Crystal structures and catalytic mechanism of cytochrome P450 StaP that produces the indolocarbazole skeleton

Staurosporine isolated from Streptomyces sp. TP-A0274 is a member of the family of indolocarbazole alkaloids that exhibit strong antitumor activity. A key step in staurosporine biosynthesis is the formation of the indolocarbazole core by intramolecular C-C bond formation and oxidative decarboxylation of chromopyrrolic acid (CPA) catalyzed by cytochrome P450 StaP (StaP, CYP245A1). In this study, we report x-ray crystal structures of CPA-bound and -free forms of StaP. Upon substrate binding, StaP adopts a more ordered conformation, and conformational rearrangements of residues in the active site are also observed. Hydrogen-bonding interactions of two carboxyl groups and T-shaped pi-pi interactions with indole rings hold the substrate in the substrate-binding cavity with a conformation perpendicular to the heme plane.

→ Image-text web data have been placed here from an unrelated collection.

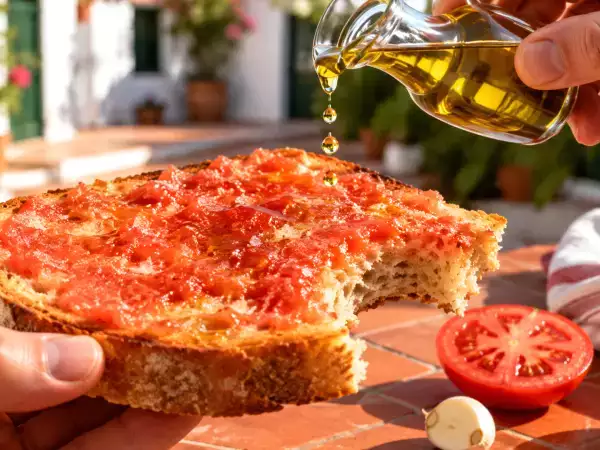 Jak se vyhnout rozmočenému chlebu: jednoduché rady odborníků na přípravu „pan con tomate“, který zůstane křupavý a chutný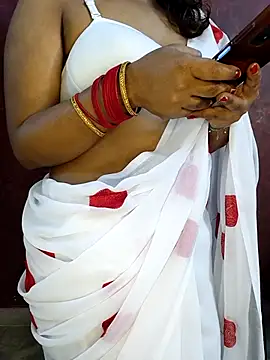 Snapshot of deslisexpriya chatting on March 2025 05:33:02 AM deslisexpriya online show from March 2025 05:33:02 AM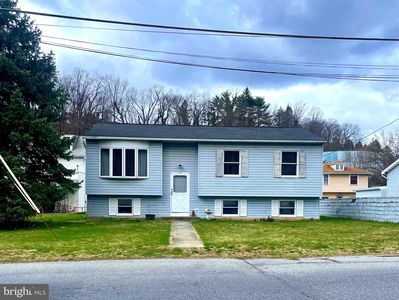 144 Bennett St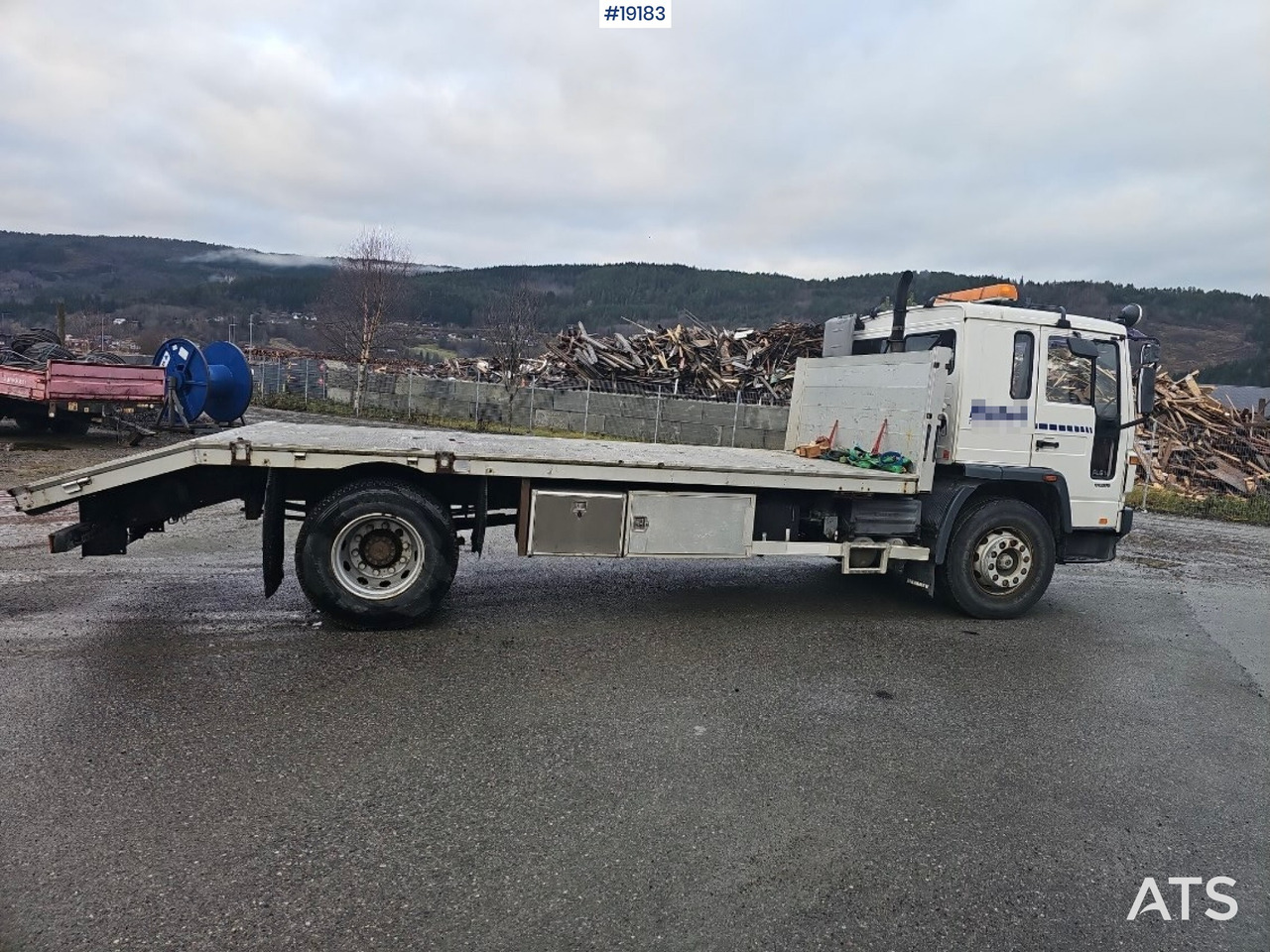 Volvo FL6 - Грузовик бортовой/ Платформа: фото 3 Volvo FL6 - Грузовик бортовой/ Платформа: фото 3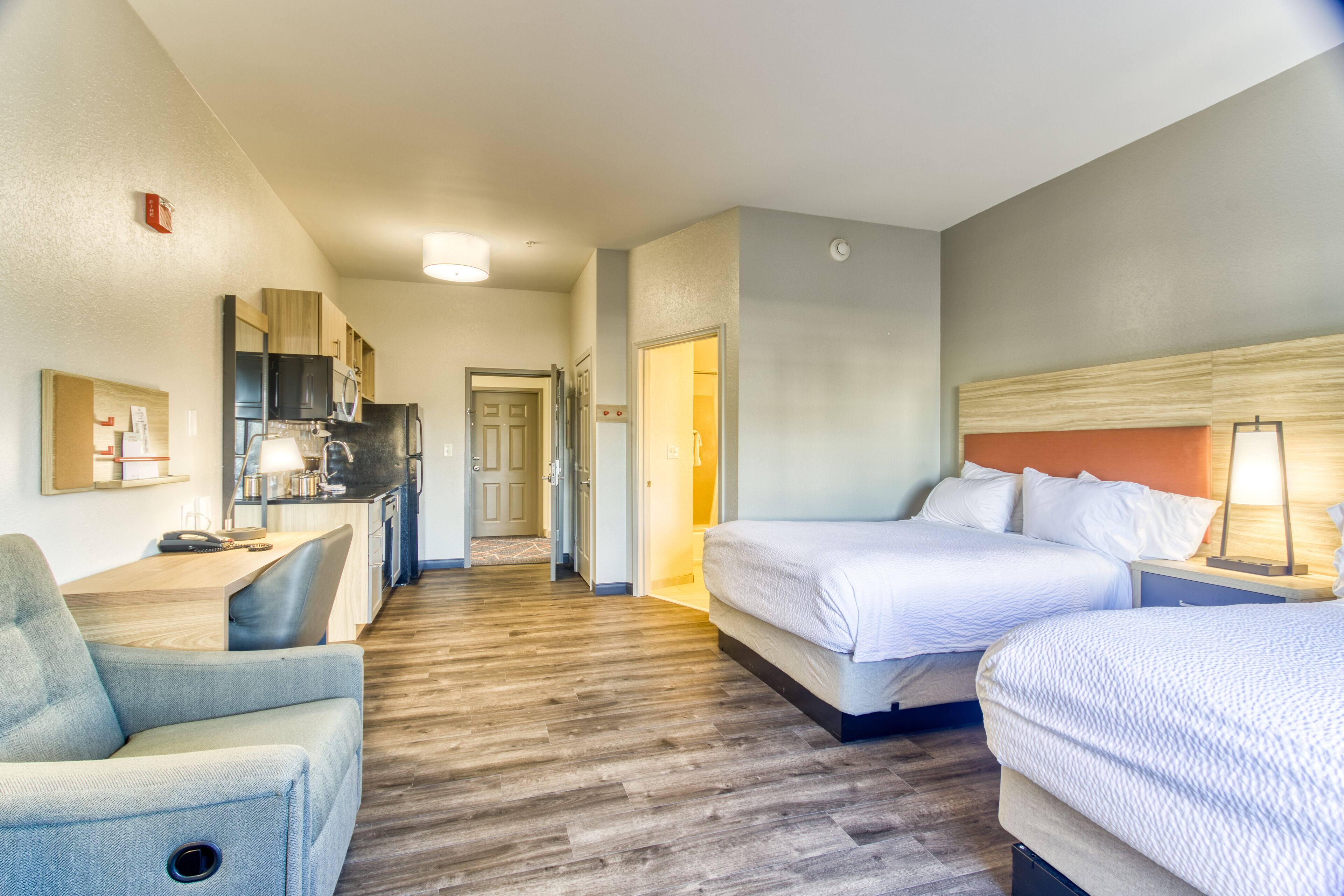 1 bedroom, premium bedding, individually furnished, desk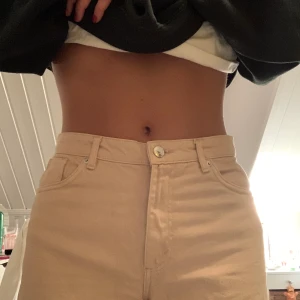Beiga vida jeans från Monki - Säljer nu ett par av mina favoritjeans från monki!  Dem är beiga i passformen Yoko. Använda ca 10 gånger och har inga tecken på slitningar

Based on the crystal structure of StaP-CPA complex, we propose that C-C bond formation occurs through an indole cation radical intermediate that is equivalent to cytochrome c peroxidase compound I [Sivaraja M, Goodin DB, Smith M, Hoffman BM (1989) Science 245:738-7401. The subsequent oxidative decarboxylation reaction is also discussed based on the crystal structure. Our crystallographic study shows the first crystal structures of enzymes involved in formation of the indolocarbazole core and provides valuable insights into the process of staurosporine biosynthesis, combinatorial biosynthesis of indolocarbazoles, and the diversity of cytochrome P450 chemistry.